Typical rosters of arbitrators are constructed based on varying combinations of the same criteria used for credentialing. Since performance-based assessment is not widely used due to expense and other factors, the focus is typically on paper qualifications and experience. Rosters, however, typically combine such screening with a market approach, allowing parties to strike names alternately from a "short list" supplied for a particular case, or to make choices using similar methods among pre-screened members of the roster. Some rosters, however, operate by random assignment of an arbitrator to a particular case once the arbitrator has been qualified for the roster, and others make purposeful choices on behalf of the parties after querying the parties as to the particular characteristics of the case. There is no overarching system that can be described as "the usual approach."

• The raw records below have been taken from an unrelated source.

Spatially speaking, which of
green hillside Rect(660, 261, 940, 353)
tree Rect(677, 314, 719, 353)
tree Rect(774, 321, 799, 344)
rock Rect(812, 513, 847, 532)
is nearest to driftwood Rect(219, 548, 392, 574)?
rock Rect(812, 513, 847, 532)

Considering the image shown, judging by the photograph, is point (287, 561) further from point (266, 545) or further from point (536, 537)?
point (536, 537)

For many years, the Wisconsin Employment Relations Commission, a state agency, has maintained a roster of about 50 arbitrators of labor-management disputes. For most of that time, more than one thousand Wisconsin labor contracts specified that if the parties could not settle a particular grievance, either the employer or the union could request a short list of arbitrators from that roster. Other contracts use similar rosters (and within the same market area, often including many of the same arbitrators) maintained by the Federal Mediation and Conciliation Service, the American Arbitration Association, and other public and private agencies. There is no certification process for labor arbitrators, so none of these arbitrators is certified. All are "credentialed," however, in this case by an application process that demands detailed information about their prior experience, and, among other things, requires them to agree not to serve as an advocate for labor or management (even in unrelated cases) as long as they remain on the roster. The actual selection of a given arbitrator, then, has both random and deliberate elements: typically, a short list of five or seven names among the 50 on the roster is randomly chosen for a particular case by the agency; but the parties make the final selection within the short list, using their own sources of information as well as arbitrators' biographies supplied by the agency, and usually by alternately striking names until only one name remains.
Clients and attorneys need to know how rosters work in order to use them well. Clients and attorneys also need to understand the basics behind credentialing before accepting a supposedly qualified individual as necessarily being able to perform the required service, and further, need to understand how trivial a "certification" may be, pending the conflict resolution field's development of robust methods of certification.